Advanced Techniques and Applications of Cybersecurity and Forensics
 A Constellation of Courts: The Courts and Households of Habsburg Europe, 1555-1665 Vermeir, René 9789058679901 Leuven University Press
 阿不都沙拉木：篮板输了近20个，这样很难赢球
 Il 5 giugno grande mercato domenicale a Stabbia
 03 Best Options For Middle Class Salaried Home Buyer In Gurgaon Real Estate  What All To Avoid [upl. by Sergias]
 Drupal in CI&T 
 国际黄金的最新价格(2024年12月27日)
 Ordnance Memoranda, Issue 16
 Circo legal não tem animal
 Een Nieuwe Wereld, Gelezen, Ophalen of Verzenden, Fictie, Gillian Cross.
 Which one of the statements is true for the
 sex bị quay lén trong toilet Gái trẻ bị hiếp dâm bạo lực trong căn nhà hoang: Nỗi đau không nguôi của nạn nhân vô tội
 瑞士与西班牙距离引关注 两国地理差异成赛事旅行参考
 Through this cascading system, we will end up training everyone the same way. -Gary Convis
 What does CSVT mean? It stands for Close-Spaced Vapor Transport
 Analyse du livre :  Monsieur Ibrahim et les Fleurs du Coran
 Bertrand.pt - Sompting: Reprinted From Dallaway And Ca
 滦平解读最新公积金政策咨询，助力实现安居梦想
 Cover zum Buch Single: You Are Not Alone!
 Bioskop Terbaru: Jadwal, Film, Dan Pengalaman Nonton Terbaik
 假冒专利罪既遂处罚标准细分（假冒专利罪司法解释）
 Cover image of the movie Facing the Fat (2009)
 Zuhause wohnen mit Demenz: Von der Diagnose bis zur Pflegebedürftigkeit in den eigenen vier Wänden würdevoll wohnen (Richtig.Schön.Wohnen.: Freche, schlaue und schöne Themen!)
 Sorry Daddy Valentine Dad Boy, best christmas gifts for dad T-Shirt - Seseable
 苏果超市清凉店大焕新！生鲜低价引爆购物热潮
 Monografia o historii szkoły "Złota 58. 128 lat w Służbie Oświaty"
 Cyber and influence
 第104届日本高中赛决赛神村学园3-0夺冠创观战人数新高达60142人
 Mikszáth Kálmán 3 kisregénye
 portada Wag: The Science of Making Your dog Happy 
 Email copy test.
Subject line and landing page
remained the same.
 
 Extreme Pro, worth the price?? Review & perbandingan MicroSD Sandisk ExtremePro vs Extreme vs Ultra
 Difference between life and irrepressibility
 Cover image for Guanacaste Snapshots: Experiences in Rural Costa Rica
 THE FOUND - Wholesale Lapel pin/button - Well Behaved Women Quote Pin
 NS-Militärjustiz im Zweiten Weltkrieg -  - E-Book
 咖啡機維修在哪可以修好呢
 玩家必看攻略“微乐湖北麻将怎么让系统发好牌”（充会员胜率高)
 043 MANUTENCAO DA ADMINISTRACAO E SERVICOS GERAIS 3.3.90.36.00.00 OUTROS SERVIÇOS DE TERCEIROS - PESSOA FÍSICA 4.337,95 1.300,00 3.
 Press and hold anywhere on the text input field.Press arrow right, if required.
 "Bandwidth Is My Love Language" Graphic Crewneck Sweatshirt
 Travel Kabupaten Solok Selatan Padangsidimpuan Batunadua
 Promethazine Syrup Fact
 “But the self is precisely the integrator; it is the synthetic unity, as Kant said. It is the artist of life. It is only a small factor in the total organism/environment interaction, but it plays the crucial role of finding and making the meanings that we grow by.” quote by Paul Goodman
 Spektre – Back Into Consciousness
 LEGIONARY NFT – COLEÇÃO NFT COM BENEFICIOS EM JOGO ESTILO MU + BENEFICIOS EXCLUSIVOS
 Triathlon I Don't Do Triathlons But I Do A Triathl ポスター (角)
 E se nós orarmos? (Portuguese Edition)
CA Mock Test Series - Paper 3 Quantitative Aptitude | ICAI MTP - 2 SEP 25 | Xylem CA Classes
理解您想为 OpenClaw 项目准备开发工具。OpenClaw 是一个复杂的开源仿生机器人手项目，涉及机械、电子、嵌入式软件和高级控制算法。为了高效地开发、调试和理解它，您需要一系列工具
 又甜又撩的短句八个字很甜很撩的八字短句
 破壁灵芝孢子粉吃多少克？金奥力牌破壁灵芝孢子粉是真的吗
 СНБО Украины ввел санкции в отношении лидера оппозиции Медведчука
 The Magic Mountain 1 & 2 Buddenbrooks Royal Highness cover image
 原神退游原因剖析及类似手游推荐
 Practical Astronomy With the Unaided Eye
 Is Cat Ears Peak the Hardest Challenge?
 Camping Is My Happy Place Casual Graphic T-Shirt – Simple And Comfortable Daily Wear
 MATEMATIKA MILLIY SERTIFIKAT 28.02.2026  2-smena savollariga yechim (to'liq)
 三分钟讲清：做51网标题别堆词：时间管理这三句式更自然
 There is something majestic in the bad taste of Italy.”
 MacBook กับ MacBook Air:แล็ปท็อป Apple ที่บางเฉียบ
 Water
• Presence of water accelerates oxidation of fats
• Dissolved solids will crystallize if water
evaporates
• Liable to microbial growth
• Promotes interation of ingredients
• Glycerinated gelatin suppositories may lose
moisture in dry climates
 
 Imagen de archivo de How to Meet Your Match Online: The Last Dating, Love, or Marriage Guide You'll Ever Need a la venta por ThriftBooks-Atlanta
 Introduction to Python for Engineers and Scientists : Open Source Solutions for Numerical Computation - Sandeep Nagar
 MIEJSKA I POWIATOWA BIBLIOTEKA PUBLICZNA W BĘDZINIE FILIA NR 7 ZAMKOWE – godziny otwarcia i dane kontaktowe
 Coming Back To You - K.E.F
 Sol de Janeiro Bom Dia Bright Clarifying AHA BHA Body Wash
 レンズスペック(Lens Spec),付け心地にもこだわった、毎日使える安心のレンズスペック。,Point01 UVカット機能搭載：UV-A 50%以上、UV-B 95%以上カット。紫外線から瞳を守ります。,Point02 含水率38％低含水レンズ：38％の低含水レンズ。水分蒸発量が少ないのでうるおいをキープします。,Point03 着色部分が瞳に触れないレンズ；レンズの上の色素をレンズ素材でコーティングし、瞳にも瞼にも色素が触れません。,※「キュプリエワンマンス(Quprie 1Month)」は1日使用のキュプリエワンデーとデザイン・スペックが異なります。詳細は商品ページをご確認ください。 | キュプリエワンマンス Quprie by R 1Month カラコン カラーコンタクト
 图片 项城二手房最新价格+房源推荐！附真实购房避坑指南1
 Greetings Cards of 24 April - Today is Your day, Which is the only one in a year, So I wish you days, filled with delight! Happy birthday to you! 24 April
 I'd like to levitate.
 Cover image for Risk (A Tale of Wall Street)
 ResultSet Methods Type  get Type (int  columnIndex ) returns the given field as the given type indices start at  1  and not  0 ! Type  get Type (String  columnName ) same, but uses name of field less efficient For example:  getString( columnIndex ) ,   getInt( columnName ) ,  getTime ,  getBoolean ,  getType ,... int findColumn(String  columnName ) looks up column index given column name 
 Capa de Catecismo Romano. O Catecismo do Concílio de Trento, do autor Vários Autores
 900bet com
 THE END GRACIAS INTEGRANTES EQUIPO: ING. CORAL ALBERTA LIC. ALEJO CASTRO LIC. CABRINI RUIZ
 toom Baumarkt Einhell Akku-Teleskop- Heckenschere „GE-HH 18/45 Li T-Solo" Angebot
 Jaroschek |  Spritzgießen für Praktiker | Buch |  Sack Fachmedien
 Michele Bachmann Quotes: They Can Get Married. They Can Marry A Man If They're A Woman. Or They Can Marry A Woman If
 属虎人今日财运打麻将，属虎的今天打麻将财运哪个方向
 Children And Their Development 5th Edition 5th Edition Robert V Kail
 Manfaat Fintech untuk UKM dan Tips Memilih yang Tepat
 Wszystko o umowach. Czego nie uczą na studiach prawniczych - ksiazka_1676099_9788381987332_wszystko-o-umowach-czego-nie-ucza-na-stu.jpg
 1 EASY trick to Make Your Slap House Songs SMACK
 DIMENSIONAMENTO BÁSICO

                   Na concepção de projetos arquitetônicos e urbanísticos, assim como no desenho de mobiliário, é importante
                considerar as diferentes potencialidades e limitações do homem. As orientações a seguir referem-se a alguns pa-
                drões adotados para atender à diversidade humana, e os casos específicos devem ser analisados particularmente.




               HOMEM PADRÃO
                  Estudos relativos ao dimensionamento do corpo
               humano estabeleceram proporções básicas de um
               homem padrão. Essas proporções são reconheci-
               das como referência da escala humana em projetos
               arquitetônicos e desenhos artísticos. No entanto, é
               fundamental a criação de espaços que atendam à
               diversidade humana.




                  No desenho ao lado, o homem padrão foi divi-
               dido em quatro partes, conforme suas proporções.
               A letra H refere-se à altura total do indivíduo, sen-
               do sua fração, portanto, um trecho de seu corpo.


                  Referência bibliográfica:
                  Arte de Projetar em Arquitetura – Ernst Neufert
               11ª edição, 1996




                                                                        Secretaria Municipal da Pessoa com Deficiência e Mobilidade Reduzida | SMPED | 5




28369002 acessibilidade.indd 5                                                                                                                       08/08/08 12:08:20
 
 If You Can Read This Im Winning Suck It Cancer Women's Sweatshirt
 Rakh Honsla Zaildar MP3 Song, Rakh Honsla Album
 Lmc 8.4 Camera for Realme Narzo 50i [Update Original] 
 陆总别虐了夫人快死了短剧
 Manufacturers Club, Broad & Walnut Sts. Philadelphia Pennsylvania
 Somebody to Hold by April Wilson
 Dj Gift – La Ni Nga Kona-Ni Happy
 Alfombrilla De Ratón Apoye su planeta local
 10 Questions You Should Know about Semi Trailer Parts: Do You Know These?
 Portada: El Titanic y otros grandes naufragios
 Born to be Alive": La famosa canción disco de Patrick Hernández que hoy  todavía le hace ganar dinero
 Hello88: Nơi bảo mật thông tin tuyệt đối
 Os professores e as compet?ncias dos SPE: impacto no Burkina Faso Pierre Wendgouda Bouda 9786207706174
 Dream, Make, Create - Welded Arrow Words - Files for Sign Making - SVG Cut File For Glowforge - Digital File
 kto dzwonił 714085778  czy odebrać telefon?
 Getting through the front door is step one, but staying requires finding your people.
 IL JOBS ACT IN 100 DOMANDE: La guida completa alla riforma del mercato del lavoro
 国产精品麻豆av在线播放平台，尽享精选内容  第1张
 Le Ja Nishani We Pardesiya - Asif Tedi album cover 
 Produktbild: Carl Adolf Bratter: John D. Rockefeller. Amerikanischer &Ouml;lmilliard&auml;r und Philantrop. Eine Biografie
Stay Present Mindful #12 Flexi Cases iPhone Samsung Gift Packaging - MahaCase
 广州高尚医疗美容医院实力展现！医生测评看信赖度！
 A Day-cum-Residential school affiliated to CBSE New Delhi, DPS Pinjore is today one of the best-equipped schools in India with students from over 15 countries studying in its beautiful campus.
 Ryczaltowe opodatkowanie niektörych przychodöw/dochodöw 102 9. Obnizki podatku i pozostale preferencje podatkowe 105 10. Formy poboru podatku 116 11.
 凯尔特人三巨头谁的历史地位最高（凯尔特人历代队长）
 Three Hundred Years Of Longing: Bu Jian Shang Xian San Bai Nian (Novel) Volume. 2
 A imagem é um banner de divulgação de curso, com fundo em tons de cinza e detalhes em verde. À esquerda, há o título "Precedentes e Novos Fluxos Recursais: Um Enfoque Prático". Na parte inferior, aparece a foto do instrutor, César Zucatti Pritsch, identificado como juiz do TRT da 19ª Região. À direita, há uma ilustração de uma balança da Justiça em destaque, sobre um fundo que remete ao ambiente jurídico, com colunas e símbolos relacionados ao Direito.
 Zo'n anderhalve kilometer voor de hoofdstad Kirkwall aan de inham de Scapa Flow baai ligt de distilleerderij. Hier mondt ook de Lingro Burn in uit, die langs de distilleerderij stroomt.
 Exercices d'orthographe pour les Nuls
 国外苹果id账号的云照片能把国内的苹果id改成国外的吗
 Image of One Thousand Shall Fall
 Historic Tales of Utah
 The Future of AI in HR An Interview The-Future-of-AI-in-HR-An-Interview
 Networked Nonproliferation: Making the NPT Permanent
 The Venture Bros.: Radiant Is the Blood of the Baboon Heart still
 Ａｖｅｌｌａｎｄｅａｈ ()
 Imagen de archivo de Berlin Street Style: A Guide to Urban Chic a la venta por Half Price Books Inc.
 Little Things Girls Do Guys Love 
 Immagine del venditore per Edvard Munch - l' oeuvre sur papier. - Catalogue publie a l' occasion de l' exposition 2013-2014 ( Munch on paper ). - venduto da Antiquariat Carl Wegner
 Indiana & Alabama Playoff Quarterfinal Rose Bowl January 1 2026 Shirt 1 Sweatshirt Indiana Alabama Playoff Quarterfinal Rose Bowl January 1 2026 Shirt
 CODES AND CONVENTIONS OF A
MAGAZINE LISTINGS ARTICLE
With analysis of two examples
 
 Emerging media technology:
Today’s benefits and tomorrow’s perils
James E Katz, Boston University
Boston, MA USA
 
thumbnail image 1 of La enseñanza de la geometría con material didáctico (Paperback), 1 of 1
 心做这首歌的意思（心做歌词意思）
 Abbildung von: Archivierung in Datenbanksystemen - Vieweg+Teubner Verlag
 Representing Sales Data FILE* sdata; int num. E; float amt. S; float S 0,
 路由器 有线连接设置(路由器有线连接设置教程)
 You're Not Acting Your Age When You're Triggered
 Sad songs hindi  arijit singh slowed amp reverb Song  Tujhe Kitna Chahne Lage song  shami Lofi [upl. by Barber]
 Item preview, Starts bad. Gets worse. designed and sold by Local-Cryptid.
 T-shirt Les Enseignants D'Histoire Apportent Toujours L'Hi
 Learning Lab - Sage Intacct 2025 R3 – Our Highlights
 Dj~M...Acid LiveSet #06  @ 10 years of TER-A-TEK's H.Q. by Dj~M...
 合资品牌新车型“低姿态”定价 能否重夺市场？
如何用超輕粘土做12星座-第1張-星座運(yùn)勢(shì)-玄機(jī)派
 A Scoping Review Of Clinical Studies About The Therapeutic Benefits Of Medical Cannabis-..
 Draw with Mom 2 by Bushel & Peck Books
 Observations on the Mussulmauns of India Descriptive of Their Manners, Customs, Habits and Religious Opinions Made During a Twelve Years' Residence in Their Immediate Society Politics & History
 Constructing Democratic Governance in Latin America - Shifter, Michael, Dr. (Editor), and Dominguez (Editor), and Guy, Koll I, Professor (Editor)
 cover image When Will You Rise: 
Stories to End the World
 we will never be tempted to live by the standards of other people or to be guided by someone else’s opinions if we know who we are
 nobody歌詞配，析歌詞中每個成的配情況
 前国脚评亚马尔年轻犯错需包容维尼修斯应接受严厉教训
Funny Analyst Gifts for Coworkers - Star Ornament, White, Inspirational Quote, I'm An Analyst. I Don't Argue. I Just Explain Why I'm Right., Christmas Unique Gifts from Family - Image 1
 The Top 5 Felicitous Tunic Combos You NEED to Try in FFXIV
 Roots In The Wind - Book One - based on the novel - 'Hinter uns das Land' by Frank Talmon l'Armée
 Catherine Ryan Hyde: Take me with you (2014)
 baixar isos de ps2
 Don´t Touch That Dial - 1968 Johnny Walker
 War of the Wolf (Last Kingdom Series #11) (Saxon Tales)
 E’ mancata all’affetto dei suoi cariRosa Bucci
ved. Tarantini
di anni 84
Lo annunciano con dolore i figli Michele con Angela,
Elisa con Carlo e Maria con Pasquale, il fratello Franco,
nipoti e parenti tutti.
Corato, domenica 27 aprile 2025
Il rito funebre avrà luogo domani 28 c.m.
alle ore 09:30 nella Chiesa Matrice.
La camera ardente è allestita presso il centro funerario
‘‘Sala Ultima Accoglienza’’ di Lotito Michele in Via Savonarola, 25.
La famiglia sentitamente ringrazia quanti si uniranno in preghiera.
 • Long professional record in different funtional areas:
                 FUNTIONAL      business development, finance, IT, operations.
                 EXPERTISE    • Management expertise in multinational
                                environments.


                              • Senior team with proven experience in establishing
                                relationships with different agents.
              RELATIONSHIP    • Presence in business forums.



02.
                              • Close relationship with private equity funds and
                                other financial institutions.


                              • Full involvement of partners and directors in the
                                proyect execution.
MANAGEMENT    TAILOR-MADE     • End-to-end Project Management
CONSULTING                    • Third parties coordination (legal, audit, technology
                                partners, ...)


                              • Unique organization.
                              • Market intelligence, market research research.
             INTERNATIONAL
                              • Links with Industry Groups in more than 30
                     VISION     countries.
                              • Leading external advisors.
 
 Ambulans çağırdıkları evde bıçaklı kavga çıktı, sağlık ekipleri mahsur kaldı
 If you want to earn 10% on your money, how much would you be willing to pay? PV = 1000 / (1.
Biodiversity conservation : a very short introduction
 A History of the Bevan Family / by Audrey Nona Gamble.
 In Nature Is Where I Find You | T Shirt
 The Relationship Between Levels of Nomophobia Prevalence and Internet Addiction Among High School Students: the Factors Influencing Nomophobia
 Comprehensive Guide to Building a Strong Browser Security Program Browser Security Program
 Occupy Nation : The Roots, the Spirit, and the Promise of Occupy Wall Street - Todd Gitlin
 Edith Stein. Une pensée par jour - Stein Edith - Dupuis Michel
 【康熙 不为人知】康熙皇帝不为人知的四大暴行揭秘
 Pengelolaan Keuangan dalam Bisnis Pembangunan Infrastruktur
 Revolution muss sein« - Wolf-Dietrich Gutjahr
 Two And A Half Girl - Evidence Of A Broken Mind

◆ The problem ◆
Would you output, from the records above, exactly the run of lines that starts at the line containing "No desenho ao" and ends at the line containing "Referência bib", and only that run?

◆ Output for this task ◆
                  No desenho ao lado, o homem padrão foi divi-
               dido em quatro partes, conforme suas proporções.
               A letra H refere-se à altura total do indivíduo, sen-
               do sua fração, portanto, um trecho de seu corpo.


                  Referência bibliográfica:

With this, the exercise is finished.